It is that time of the year when fourth year medical students are gearing up to send in their applications for internships. I confess, for the first time in years, I sense that the choices are not clear.

It used to be you could look into the crystal ball and paint a picture for them of what their life would look like when they were done:  it used to be that if they chose primary care, they would probably over a lifetime make perhaps 3 to 5 million dollars less than a colleague in a procedural specialty, be harassed with a lot more forms, longer hours, and unless they retreated to a concierge practice where they set a high dollar bar for admission to their practice, they would be very busy. 

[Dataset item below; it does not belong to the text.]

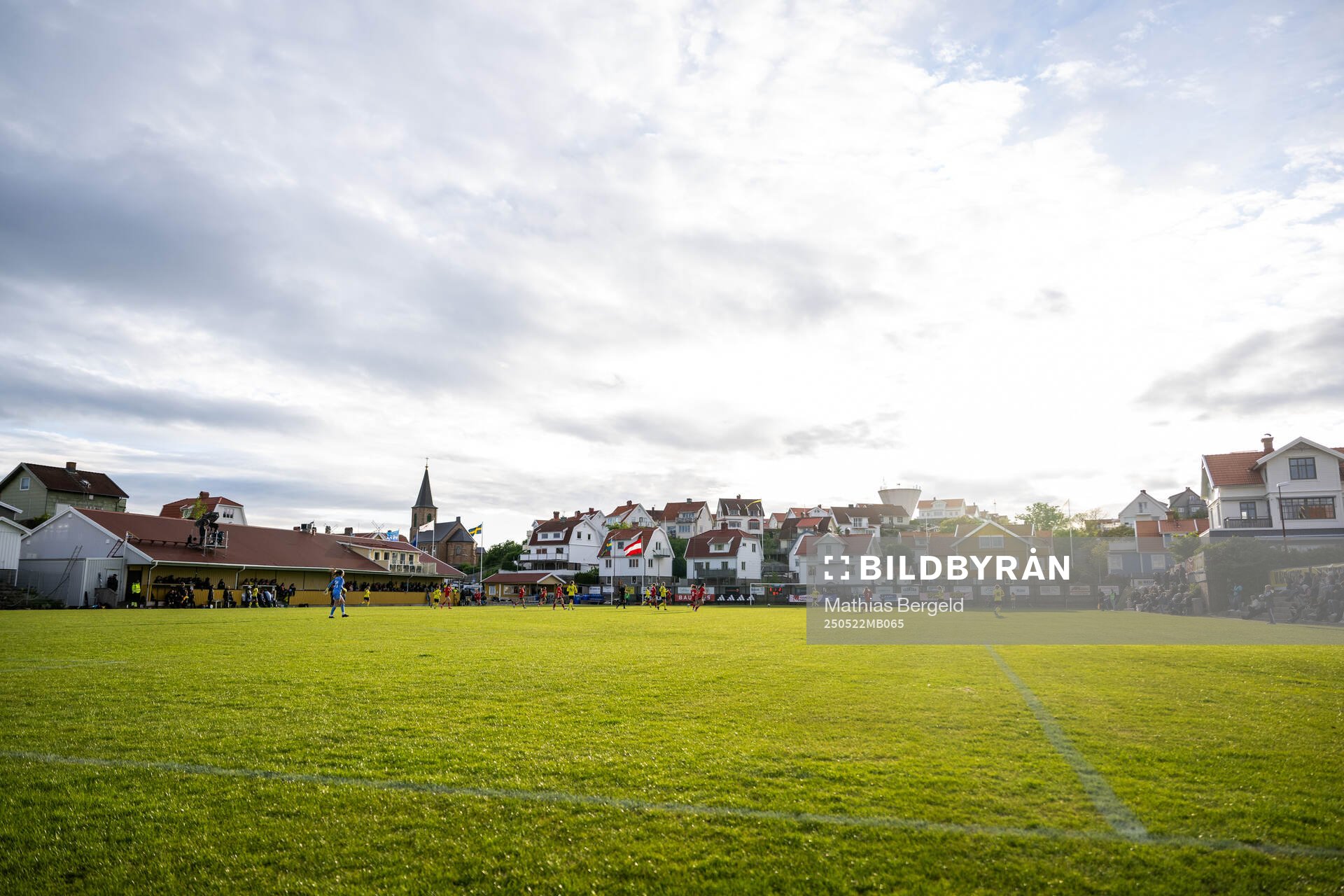 Havsvallen under F16-landskampen i fotboll mellan Sverige och Österrike den 22 maj 2025 i Smögen. 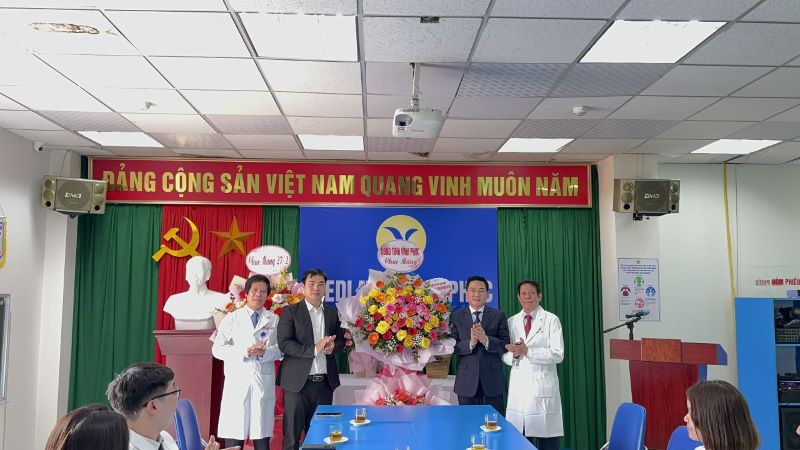 Ông Vũ Việt Văn - Phó Chủ tịch tỉnh Vĩnh Phúc chúc mừng nhân dịp Ngày Thầy thuốc Việt Nam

On the other hand, if they picked dermatology (and I love dermatology, and find it an intriguing discipline), they could count on a good lifestyle (very few dermatological emergencies), they would do lots of procedures, and make a healthy living. The same was true for ophthalmology,  radiology--all very competitive disciplines for students to enter. 

But what if:

  • You get paid only for managing disease, for caring for a stable of patients--in other words, what if there is no fee for service? (By the way, Massachusetts is bravely going this route.)  Doing more procedures then will cost you money, not mint money. Suddenly, many procedure based specialties don't look so hot.
  • What if Medicare or insurers stopped paying for MRIs, CAT scans and PET scans on an individual basis, but rather only reimbursed for disease management ? The owners of such facilities (who in many cases are doctors) have counted on business continuing as usual and may fold like Chrysler dealerships. Radiology as a career choice might be less attractive.
  • What if the physician who cared for the patient, who had formed a steady relationship with the patient over the years, who knew the family, and who was the one who admitted them to the hospital (and then acted as quarterback and kept a close eye on the consultants called in and ensured communication)--what if that individual got paid top dollar?  Yes, what if primary care became the plum? Look at who President Obama picked to be Surgeon General: a primary care physician par excellence. There is a message there.

My advice to my students is that there is too much afoot to read the crystal ball--too many swirling snow flakes. Just look what is happening this week:

  • the House releases its health care bill
  • Center for Medicare and Medical Services (CMS) releases a revised physician  pay schedule
  • The FDA is about to finally get to rule over tobacco companies

So my advice to my students is this: Follow your heart. Remember why you entered this field.  Do what you really love to be doing, and don't worry about lifestyle, reimbursement and the like. The secret of the care of the patient is caring for the patient (Peabody's famous quote) and so if you care, and that's what brought you to medicine, any choice you make will be the right choice. It is a wonderful time to be a physician.